MS: The classic question I ask myself as a journalist is, “Who do I want to pick up the phone and call whom after reading this piece?” If I have a decent answer to that, after I’ve covered the basics, that’s a fabulous way of prioritizing. A good journalist will get a sense of “What’s the story? What’s important in the story? Where’s the conflict driving the story? And where’s the consensus?”, and you move within those parameters. You have a finite amount of time and a finite amount of space – in journalism, it’s due today. The constraints force you to prioritize. The issue is not banning PowerPoint – it’s about putting constraints on it. For example, limit a PowerPoint to no more than 10 slides, no more than 20 words, and 2 of those slides have to have pictures or charts. Just as in the strict rhyming structure of sonnets or haiku, art is defined by constraints. A problem with PowerPoint is that you can just create another slide. In the first and final analysis, do we use technologies to engage our audience, or to better articulate what we want to say? There are a lot of arrogant people who believe that better articulating what we want to say is synonymous with engaging the audience. That’s not acceptable.

CA: It sounds like it boils down to self-centeredness.

MS: Does PowerPoint enable narcissism? Yes. That’s why PowerPoint is very often not about building community consensus, but about imposing an individual’s view.

CA: It’s interesting that when people talk about “interactive” technologies like email, chat and websites, they never mention PowerPoint, even though it is the only one of those technologies that actually brings people into the physical presence of one another to “interact”. Why is PowerPoint not part of the “interactive” conversation?

MS: I’ve done facilitated meetings where people take notes and project them on a screen, or take spreadsheets and project them. You do have meetings that take advantage of projection capabilities, and you work around the spreadsheet, or you work around the document. You actually do collaborative design that way. But there’s no place to do that in PowerPoint. PowerPoint has never been treated as an interactive medium. Microsoft should build voting capability into PowerPoint. The voting technologies make a huge difference for two reasons: the audience pays attention because they get to participate, and you get a sense of what the audience considers its priorities are. There are times when I intentionally try to show the audience how divided it is – I’m trying to use wedge issues with the audience to create a fight, to create tension. There are other times I try to promote consensus. Those are useful techniques for any presenter and facilitator.

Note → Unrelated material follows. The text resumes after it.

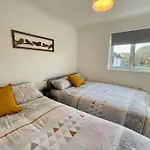 House Near Llandaff For Up To 6 With Parking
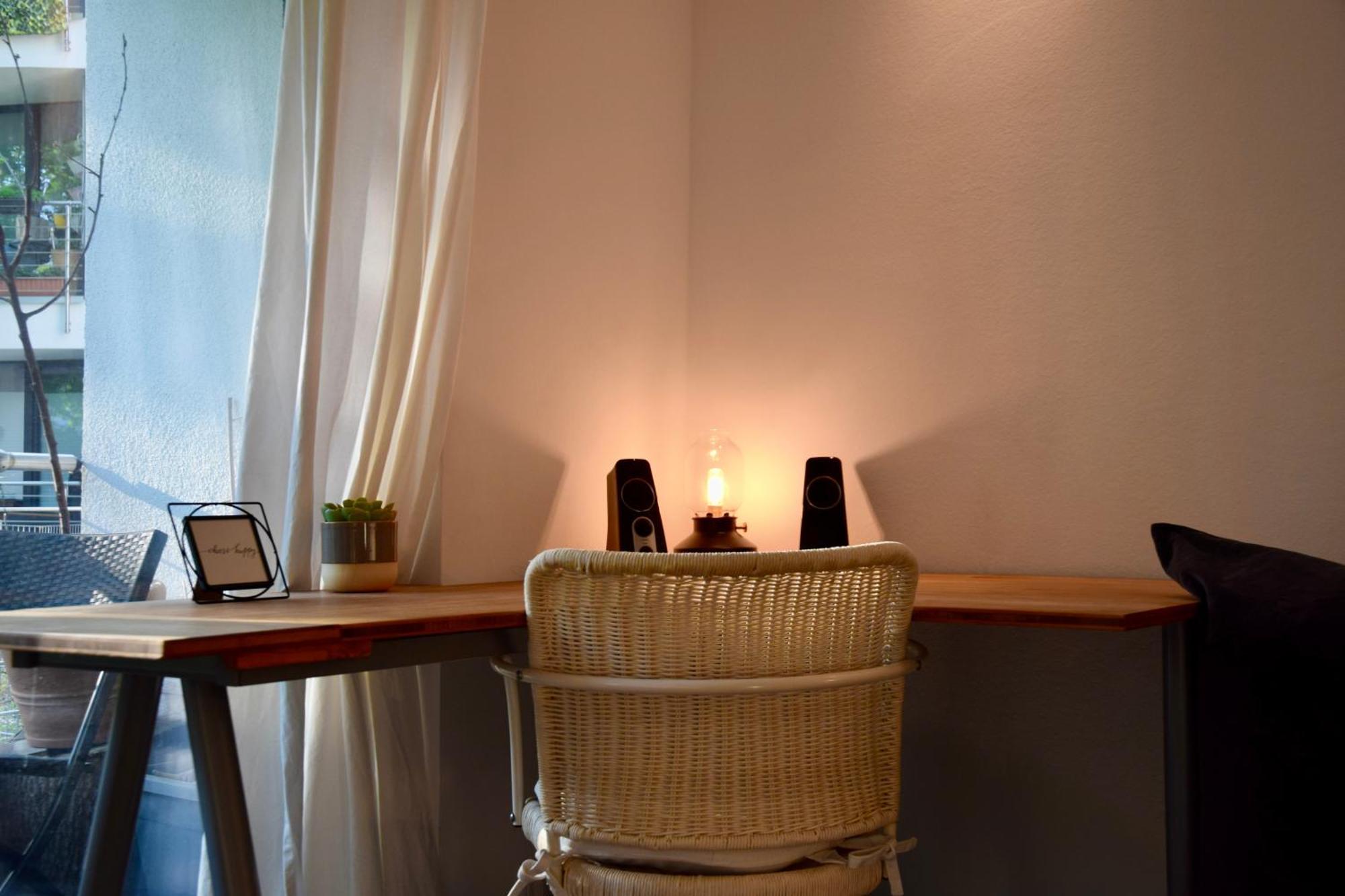 Stilvolle Wohnung Mit Balkon & Parkplatz Rostock Bagian luar foto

CA: Having that sort of instant audience feedback sounds like it would break the ice and make everyone more comfortable.

MS: You at least begin with where they are. Beginning where you are is totally obnoxious and arrogant. I think it’s a mistake.

CA: How do you approach your own PowerPoint?

MS: I look at each slide as a market test – I’m always looking to see how the audience reacts to a slide. If they’re not smiling, or there’s not a perceptible change in the body language, then there’s something wrong. You want iteration and feedback. PowerPoint should not be a finished presentation, but an invitation to respond and interact.

Cliff Atkinson is an acclaimed writer, popular keynote speaker, and a consultant to leading attorneys and Fortune 500 companies. He designed the presentations that helped persuade a jury to award a $253 million verdict to the plaintiff in the nation’s first Vioxx trial in 2005, which Fortune magazine called “frighteningly powerful.” Cliff’s book Beyond Bullet Points (Microsoft Press, 2005) is an Amazon.com bestseller that expands on a communications approach he has taught at many of the country’s top corporations, advertising agencies, law firms, government agencies and business schools.